Blumenauer Calls for New DEA Leadership
Washington, DC – Following recent comments by Drug Enforcement Administration (DEA) Acting Administrator Chuck Rosenberg, calling medical marijuana “a joke,” today on the House floor, Representative Earl Blumenauer (OR-03) called for new DEA leadership.
To follow are Congressman Blumenauer’s remarks as prepared. Click here to watch his speech.
“Chuck Rosenberg, the Acting Administrator of the Drug Enforcement Administration, recently called the notion of smoking medical marijuana ‘a joke.’ What is a joke is the job Rosenberg is doing as Acting DEA Administrator. He is an example of an inept, misinformed zealot, who has mismanaged America’s failed policy of marijuana prohibition.
“Americans recognize it’s time for a change in direction to legalize, regulate, and tax marijuana. Fifty-eight percent now support legalization, continuing an upward trend in public opinion polls and at the ballot box. Over 75 percent of the American public supports medical marijuana, as does a majority of American physicians.
“Rosenberg claims medical marijuana is a joke, but the proven therapeutic value of cannabis has prompted 23 states, Guam, and the District of Columbia to approve its medical application, and an additional 17 states have authorized its more limited use.
“Rosenberg’s claim that more research is necessary is true, but reeks of hypocrisy because the DEA under his leadership has made badly needed cannabis research difficult and often impossible. If Rosenberg was doing his job, he would have visited with some of the hundreds of thousands who have found medical marijuana has had a profound effect on their lives and that of their families.
“President Obama is the first sitting president to tell the truth about cannabis. His Administration has not acted to shut down the adult or medical marijuana reforms that are sweeping the country, but sadly it isn’t just his DEA Administrator who is undercutting his policy.
“Earlier this year, the Department of Justice took an outrageously flawed position on the Rohrabacher-Farr amendment that passed with strong, bipartisan support and clearly specified that the federal government should not interfere with state-legal medical marijuana operations. The Department of Justice and the DEA contends that it only prevents action against states, not individuals. This is a ridiculous interpretation of the law and caused a federal court in California to rule this interpretation defies language and logic, in deciding against them.
“More recently, the Senate passed the MilCon-VA Appropriations bill, which included an amendment offered by my colleague in Oregon, Senator Merkley, mirroring my legislation to allow VA doctors to recommend medical marijuana to their patients in accordance with state law. Yet on November 13, the Department of Veterans Affairs indicated they won’t allow doctors and patients to participate in state-legal marijuana laws, even if this bill becomes law.

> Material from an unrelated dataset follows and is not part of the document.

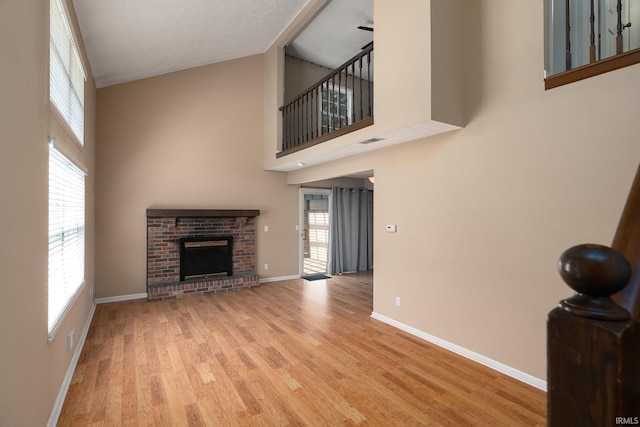 526 Cambridge Dr, Kokomo, IN 46902 - unfurnished living room with a fireplace, visible vents, a high ceiling, wood finished floors, and baseboards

“Sadly, these actions by Administration officials are indicative of a throwback ideology rooted in the failed War on Drugs, which needs to stop. They do not reflect the overwhelming body of evidence about the effects of medical marijuana, the reforms happening at the state level and in Congress, or the opinion of the American people. They don’t reflect the statements by the President himself and the official policy promulgated by former Deputy Attorney General Cole outlining the Administration’s commitment to stay out of the way of state marijuana laws.
“There’s overwhelming evidence that marijuana offers relief when nothing else has helped, including as a more effective pain management tool than highly addictive narcotics. Opioid overdoses are skyrocketing, and we have an epidemic of heroin abuse and overdose.
“Sadly the culture of opposition in the federal government continues. On one level we have this amazing progress at the state and local level. We’ve made significant progress here in Congress, with the introduction of over 20 bills in both chambers dealing with the federal treatment of cannabis and hemp and the successful votes on three amendments in the House and three in Senate committees in this Congress.
“This culture needs to change. Leadership needs to change. Rosenberg is clearly not the right fit for the DEA in this Administration. I would hope that the President directs the heads of all relevant agencies to adjust their policies, clarify regulations that deal with marijuana laws, establish policies that reflect changing state laws, and most important, reflect the President’s own position. He has said he has bigger fish to fry than interfere with state legalization efforts. It’s time that the rest of his Administration gets on board. It should start with a new head of the Drug Enforcement Administration.”